(DATA TO PROCESS Opens)
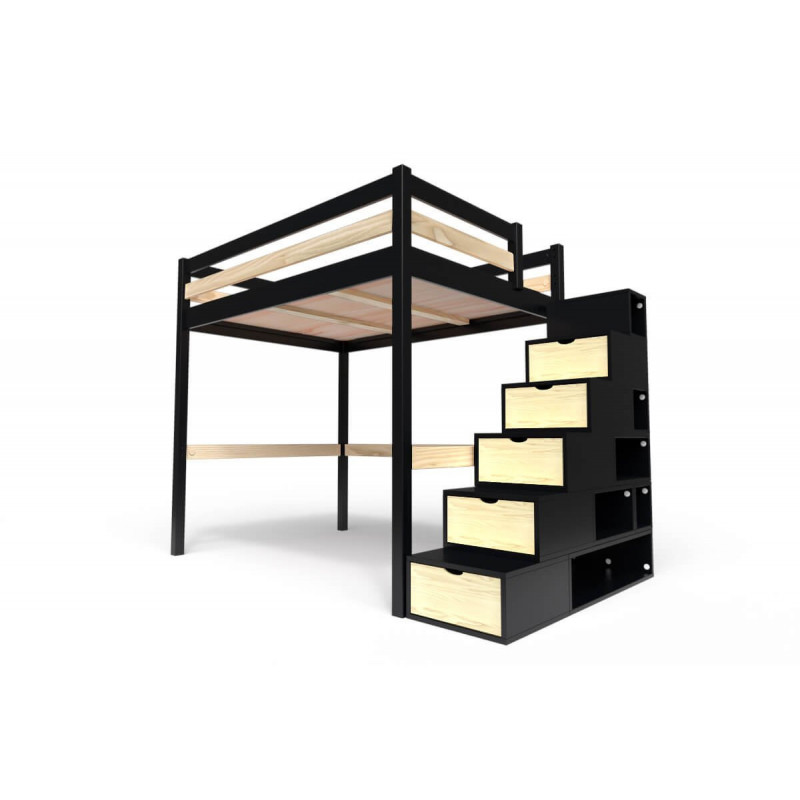 Lit Mezzanine bois avec escalier cube Sylvia - 160x200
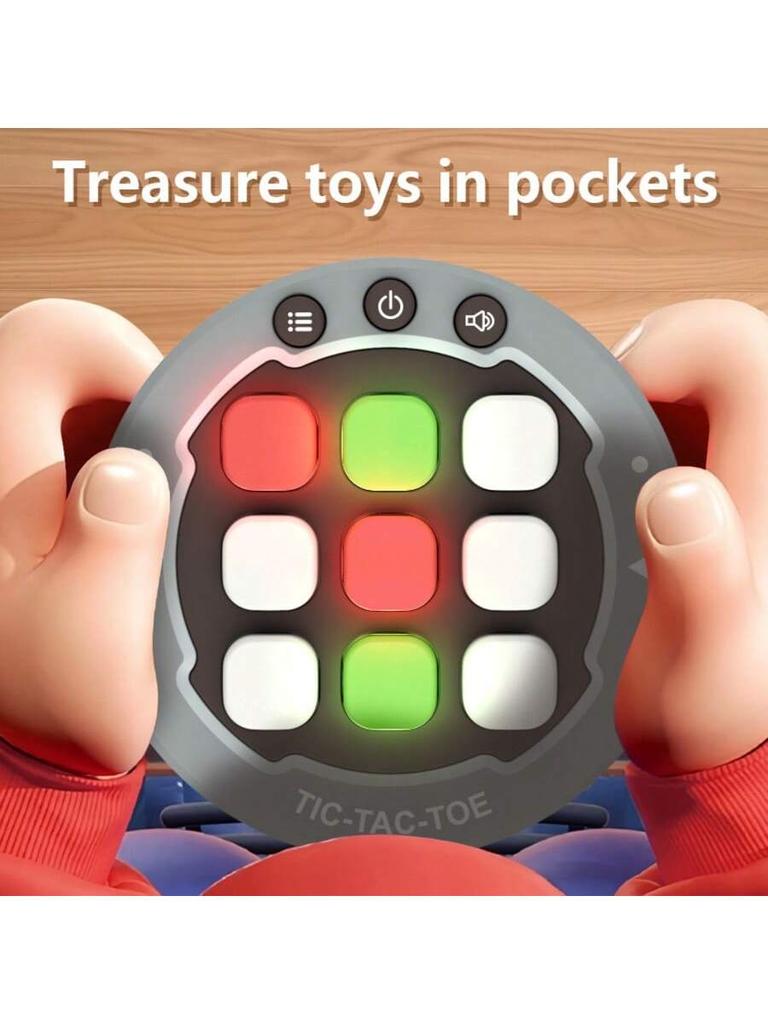 Handheld Tic-Tac-Toe Game, 3-Color 9-Button Mini Board Game for Kids  Adults, Portable Travel Toy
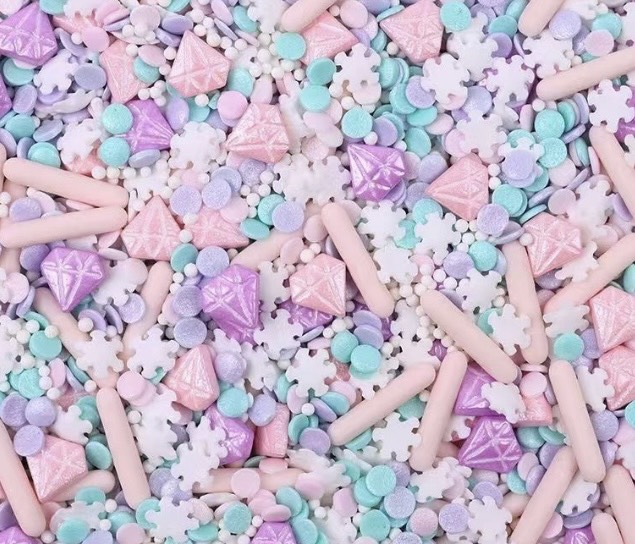 น้ำตาลทรายผสมลายเพชรกลม (ม่วง-ชมพู-เคลือบ-เขียว) (ถุง 100กรัม)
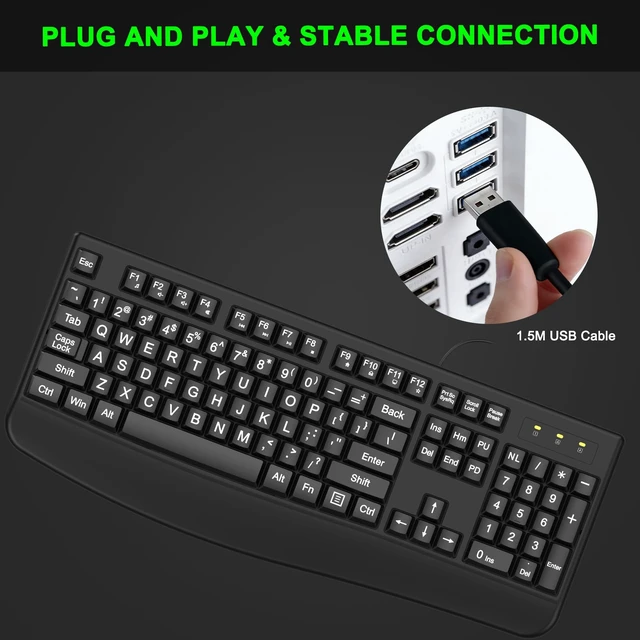 Alt view image 5 of 7 - Large Print Ergonomic Keyboard, Full Size Keyboard with Wrist Rest, Silent Wired USB Computer Keyboard Oversized Letter Keys 4X Larger Easy to See & Type for Laptop, PC, Windows, Desktop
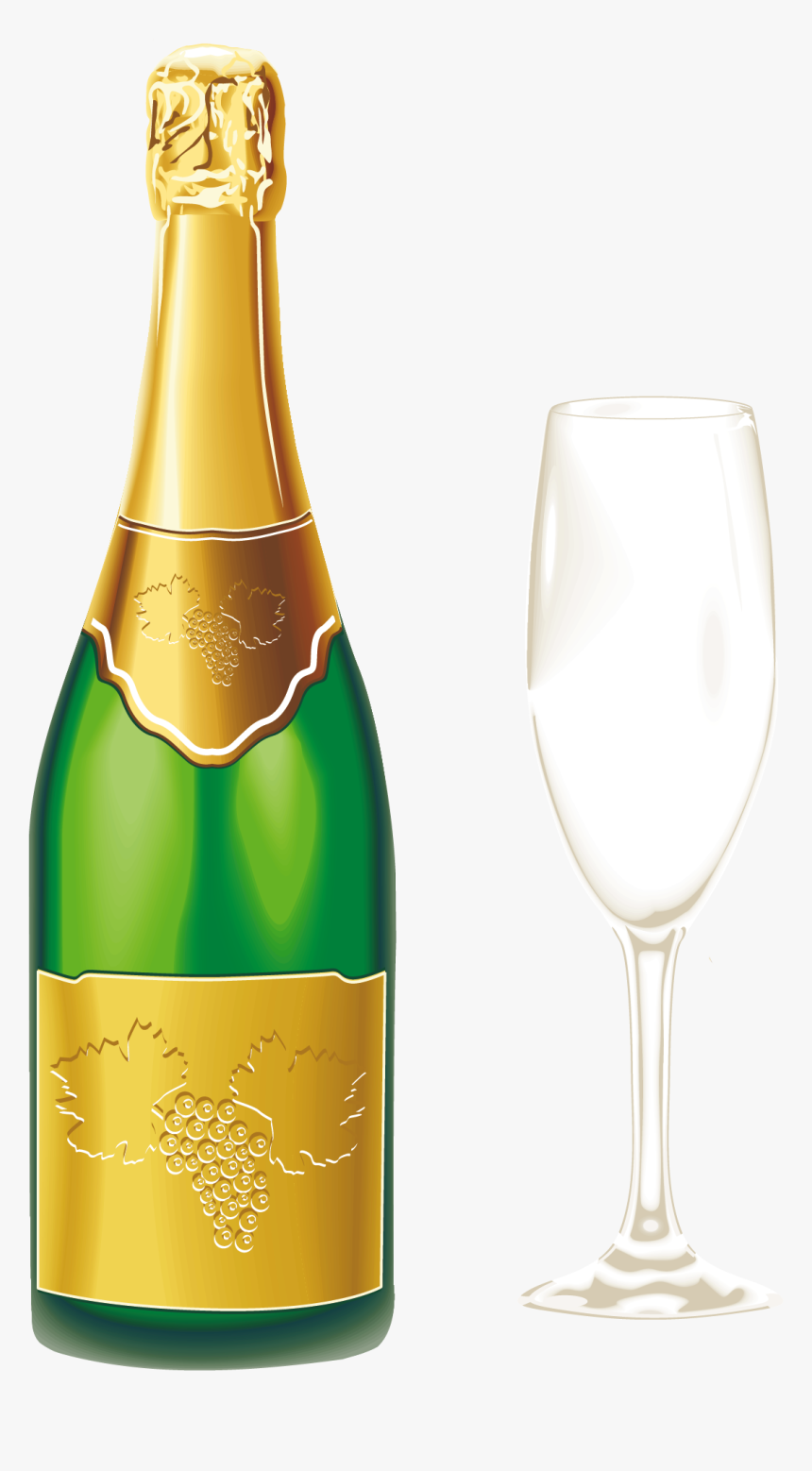 Champagne With Glass Png Clipart - Transparent Champagne Bottle Clipart, Png Download, Free Download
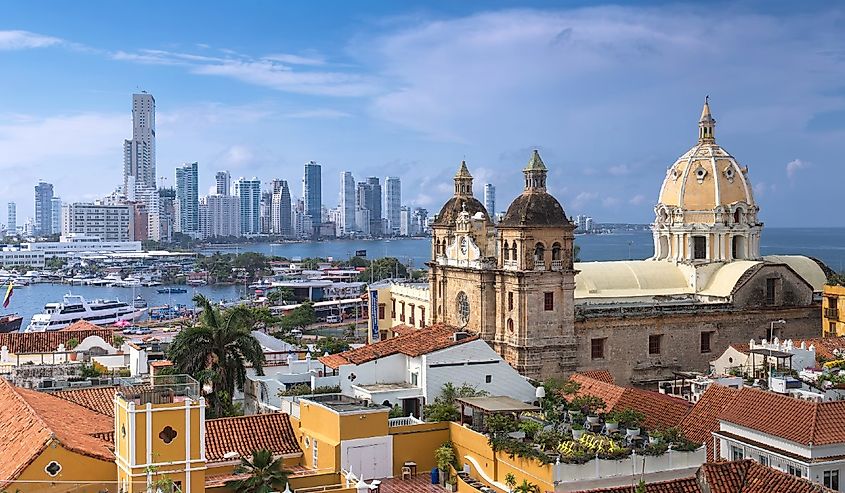 View of the St. Peter Claver church and the old town in Cartagena, Colombia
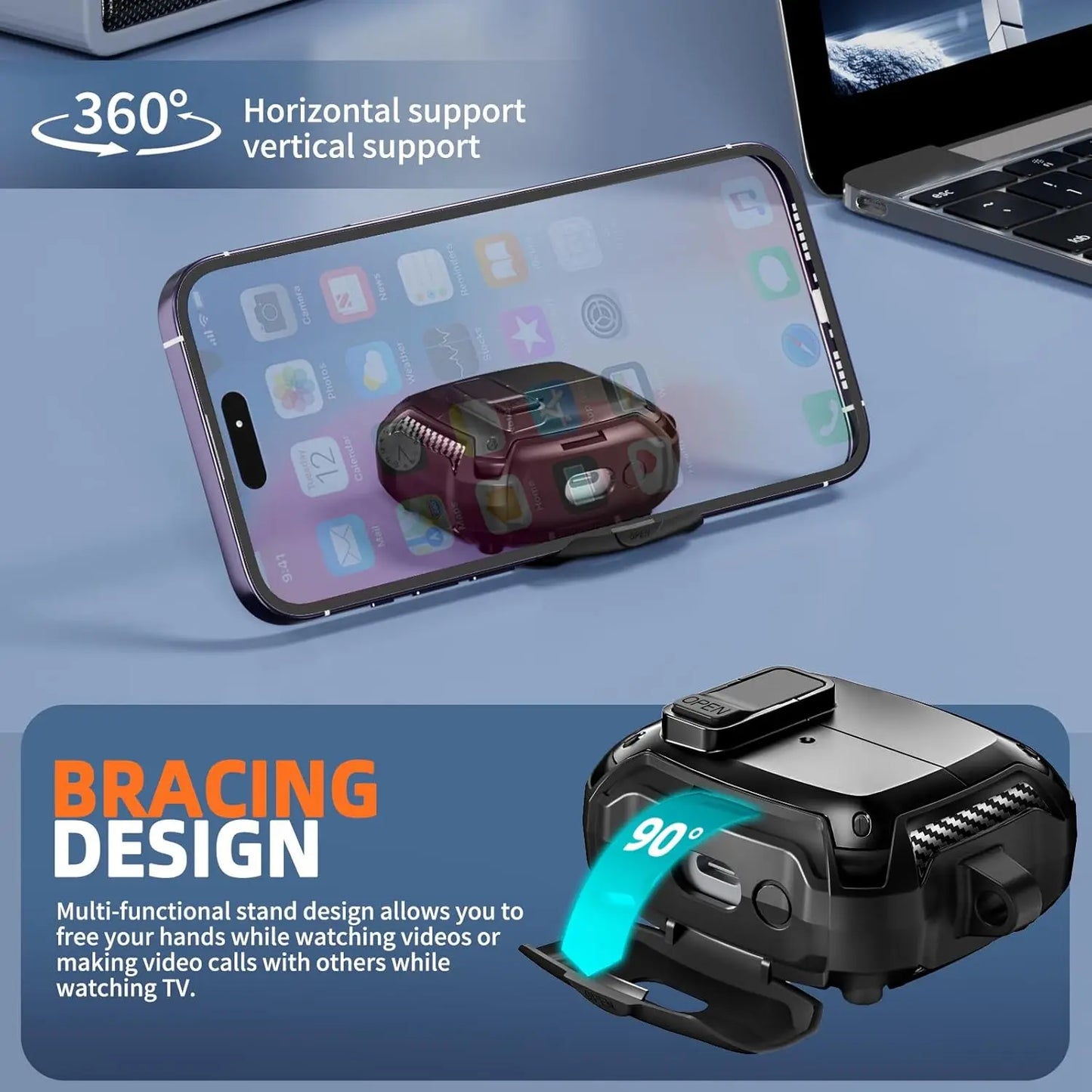 Secure Lock Clip Case for Samsung Buds with Cleaning kit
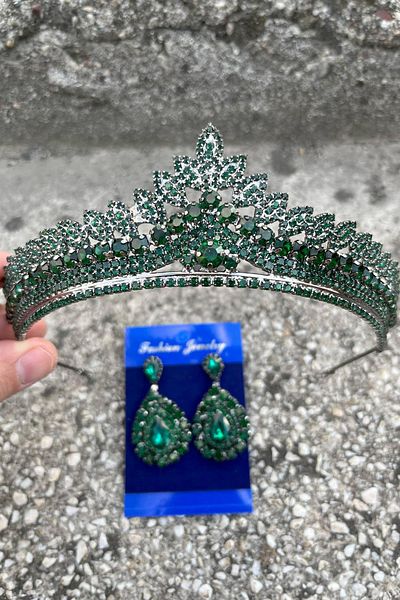 Hobigram Daniela Green Bridal Henna Crown Special Occasion Accessory Women's Crown and Drop Shuttle Earrings Set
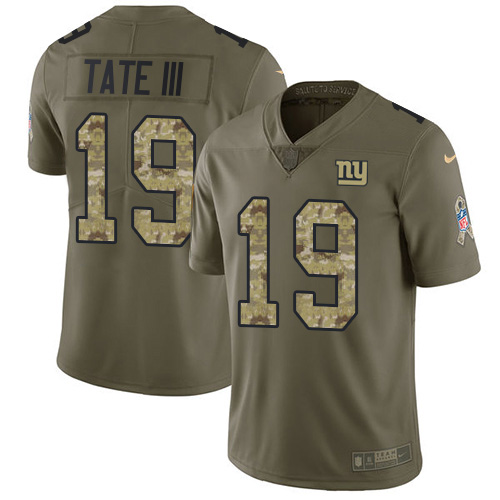 Nike Giants #19 Golden Tate Olive/Camo Men's Stitched NFL Limited 2017 Salute To Service Jersey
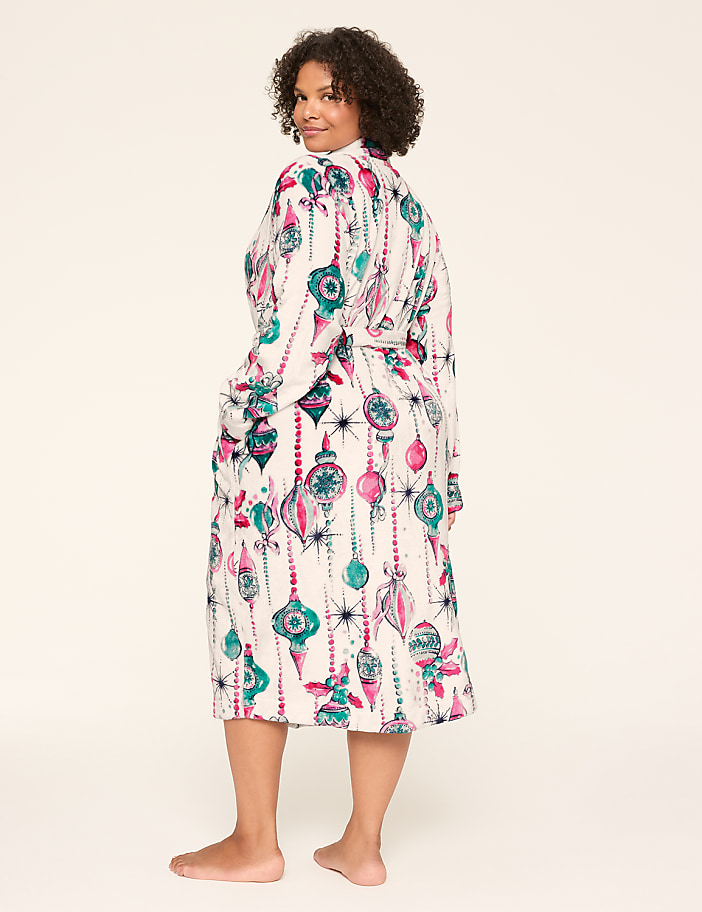 Printed Fleece Midi Robe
(DATA TO PROCESS Closes)
__WORK TASK__:
Each entry, word for word, belongs in your answer; each picture does not.

__RESULT BELOW__:
 Lit Mezzanine bois avec escalier cube Sylvia - 160x200
 Handheld Tic-Tac-Toe Game, 3-Color 9-Button Mini Board Game for Kids  Adults, Portable Travel Toy
 น้ำตาลทรายผสมลายเพชรกลม (ม่วง-ชมพู-เคลือบ-เขียว) (ถุง 100กรัม)
 Alt view image 5 of 7 - Large Print Ergonomic Keyboard, Full Size Keyboard with Wrist Rest, Silent Wired USB Computer Keyboard Oversized Letter Keys 4X Larger Easy to See & Type for Laptop, PC, Windows, Desktop
 Champagne With Glass Png Clipart - Transparent Champagne Bottle Clipart, Png Download, Free Download
 View of the St. Peter Claver church and the old town in Cartagena, Colombia
 Secure Lock Clip Case for Samsung Buds with Cleaning kit
 Hobigram Daniela Green Bridal Henna Crown Special Occasion Accessory Women's Crown and Drop Shuttle Earrings Set
 Nike Giants #19 Golden Tate Olive/Camo Men's Stitched NFL Limited 2017 Salute To Service Jersey
 Printed Fleece Midi Robe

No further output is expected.